Basal Cell Carcinoma
About Basal Cell Carcinoma
Basal cell carcinoma is the most common form of cancer worldwide. In the United States, it accounts for approximately 80 percent of all skin cancers. The majority of basal cell carcinomas are easily and successfully treated with current therapies.
Signs and Symptoms of Basal Cell Carcinoma
The skin consists of three layers. The top layer, called the epidermis, is where most skin cancers, including basal cell carcinoma, arise.
Basal cell carcinomas are most commonly found on the face, neck, hands, or other parts of the body that are frequently exposed to the sun.
The first sign of basal cell carcinoma is an unusual growth on your skin. You may notice a waxy lump or a small, smooth, shiny, or pale growth. Or there may not be a lump at all, but instead you notice a flat spot that looks slightly different from the rest of your skin.
Some basal cell carcinomas develop so slowly that you only notice them after they’ve been there for a while.
Basal cell carcinoma can appear in one of several ways:
- a small, smooth, shiny, or pale growth
- a waxy-looking lump
- a red patch or irritated area
- a small, pink, pearly bump
- a white or yellow scar-like area
- a smooth growth with a dent or dimple in the middle
- a bleeding or oozing sore
This type of skin cancer rarely causes pain when it’s developing.
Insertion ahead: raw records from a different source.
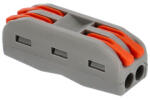 ANRO LED Karos (kapcsos) vezeték toldó, 2 vezeték nyílásos (2 way connector)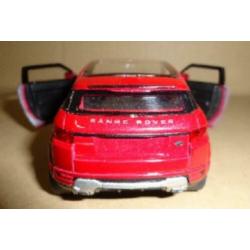 NIEUW 1:32 Range Rover Evaque modelauto in de Kleur Rood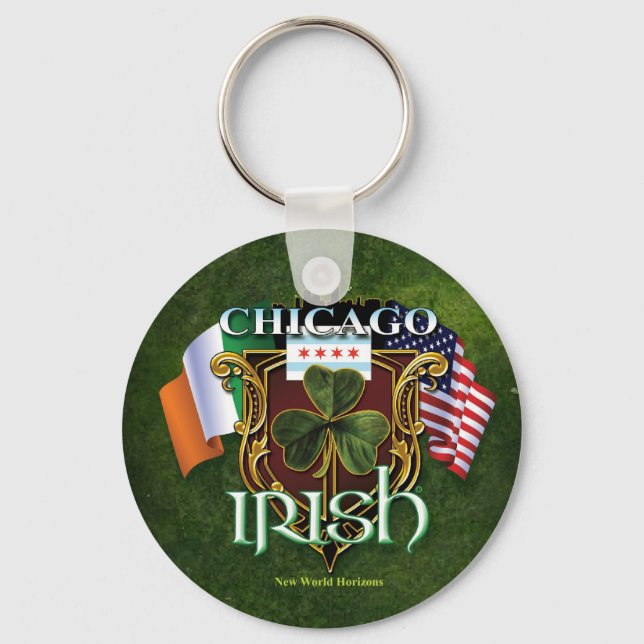 Chicago Irish Schlüsselanhänger (Vorderseite)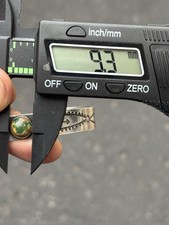 Vintage Old Pawn Coin Silver & Turquoise Bench Stamped Cuff Bracelet Fred Harvey - Additional view 13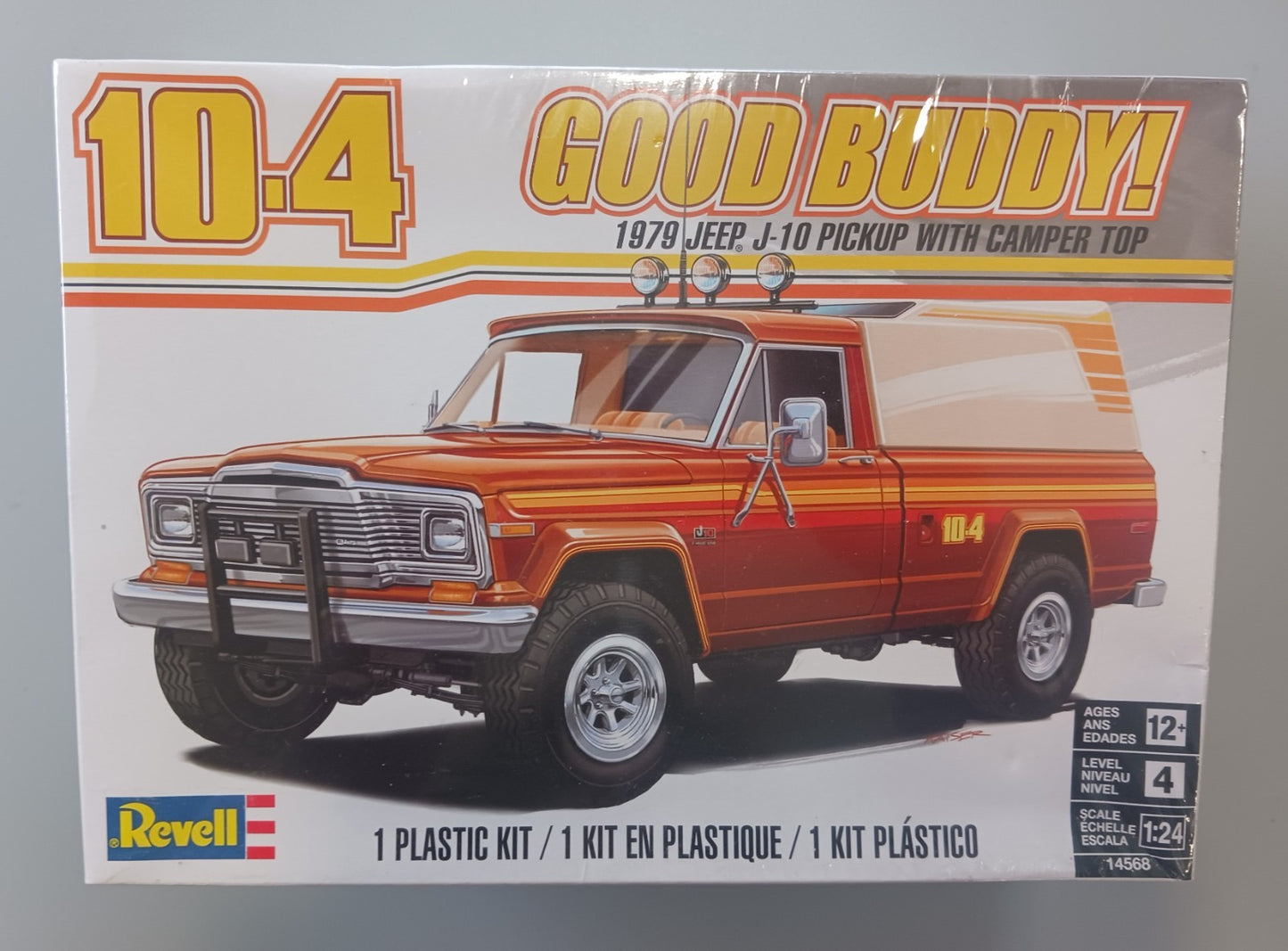 Revell 14568 1979 Jeep J-10 Pickup Good Buddy 10-4 1:24 Scale Model Kit Sealed
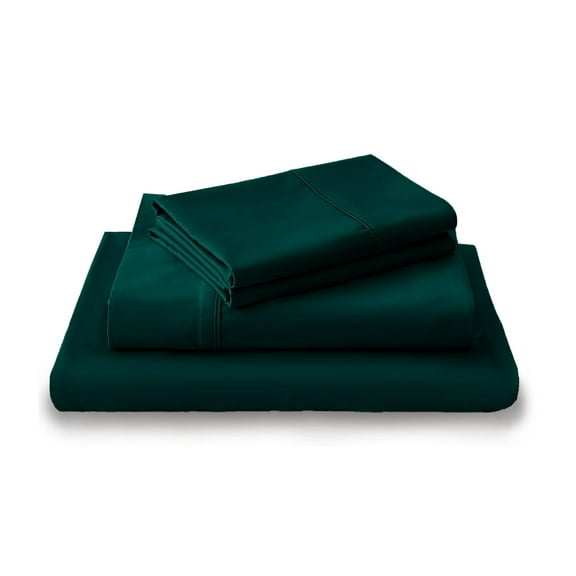 LuckShree Split Head King Size 4-PC Sheet Set 34" Split Top - 800-TC Giza Cotton 18" Extra Deep Pockets - Teal Blue Color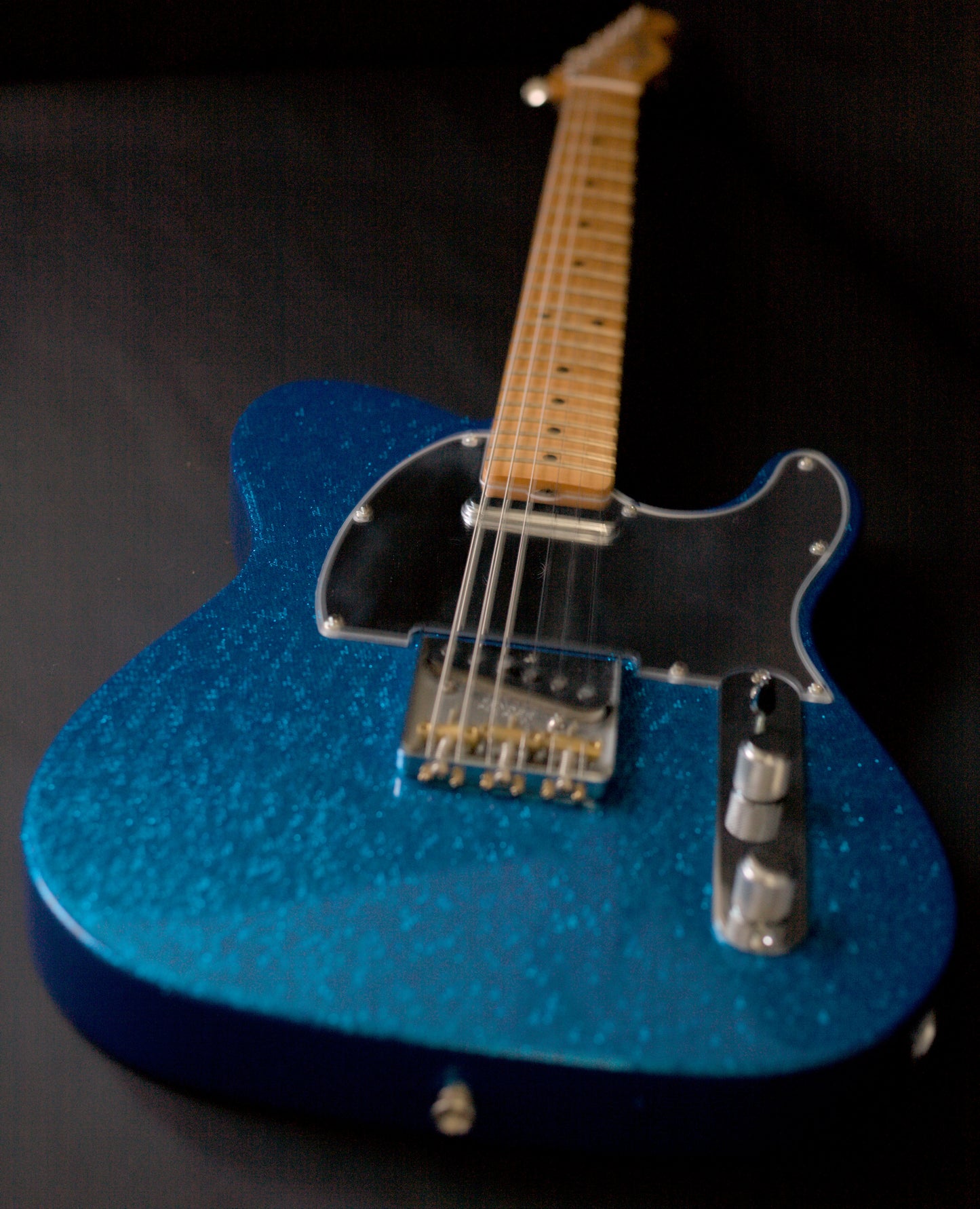 Fender J Mascis Signature Telecaster, Bottle Rocket Blue Flake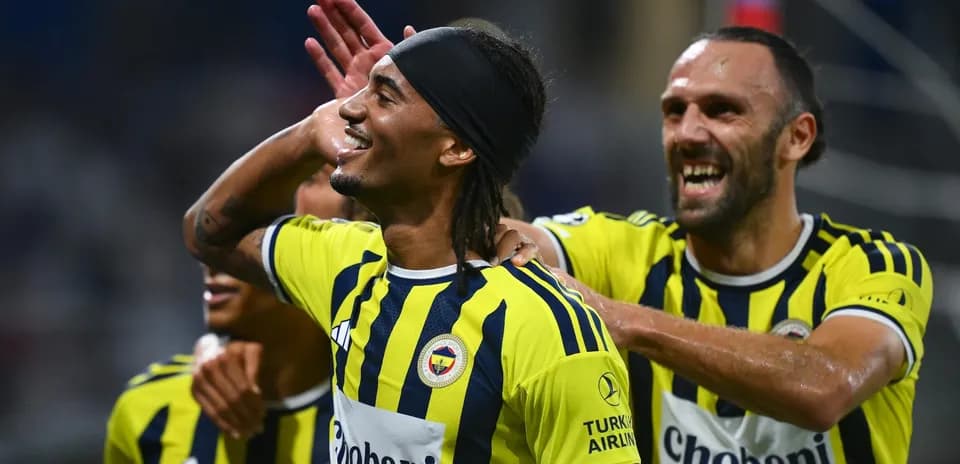 Fenerbahçe oyunçularının sevinci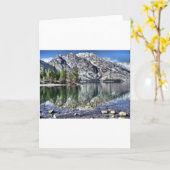 Jenny Lake Reflection Kaart (Gele Bloem)
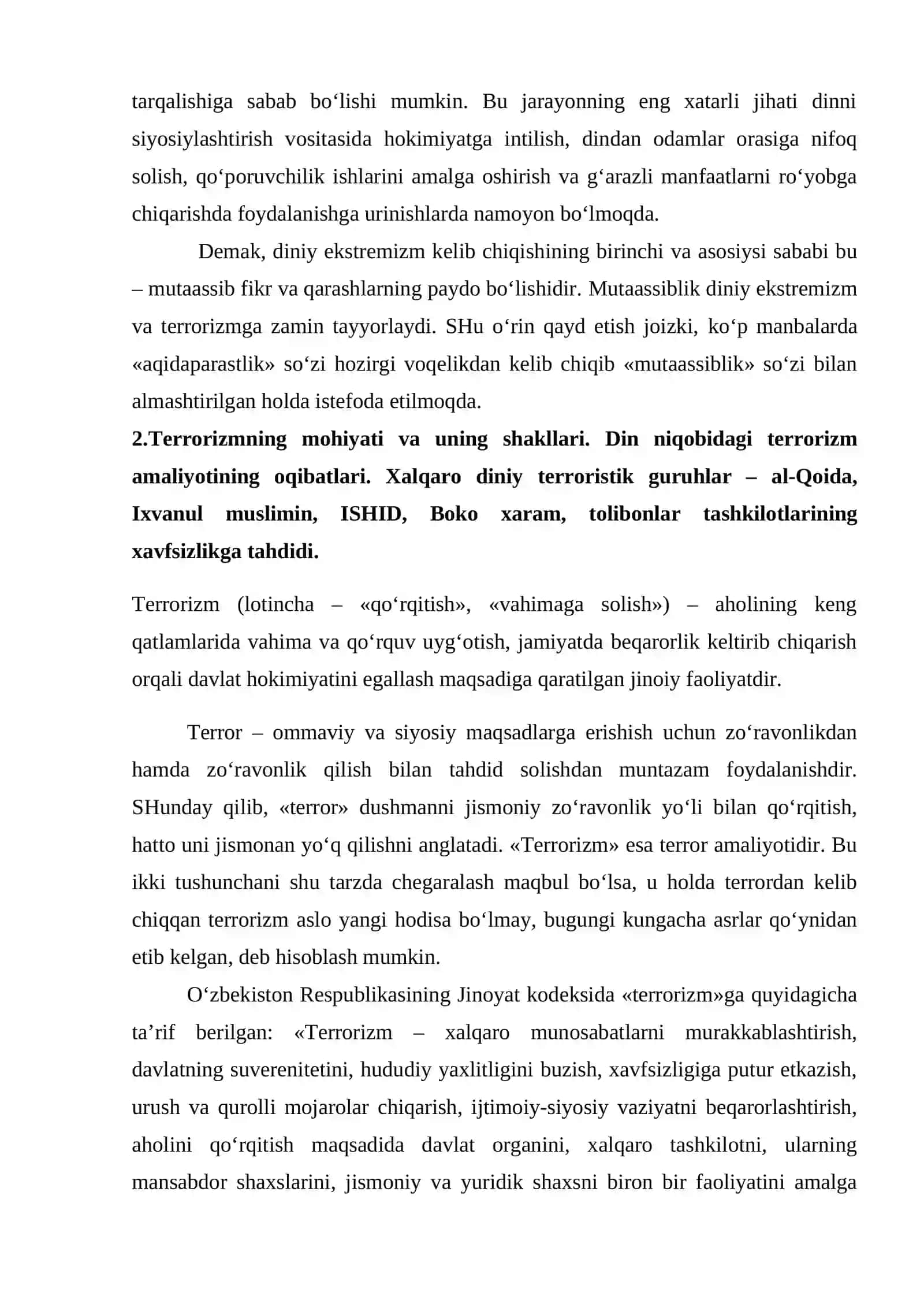 Diniy Fanatizm va Terrorizm 3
However, it may bleed after a minor injury, then form a scab and heal. Since a spot like this can scab and heal over and over again for months or years without seeming to grow, it’s easy to think that it is just a sore or a wound.
Basal cell carcinomas rarely spread to other parts of the body, and deaths from this disease are very rare. However, because basal cell carcinomas often occur on the face, they can cause serious cosmetic damage and functional difficulties if not diagnosed and treated early.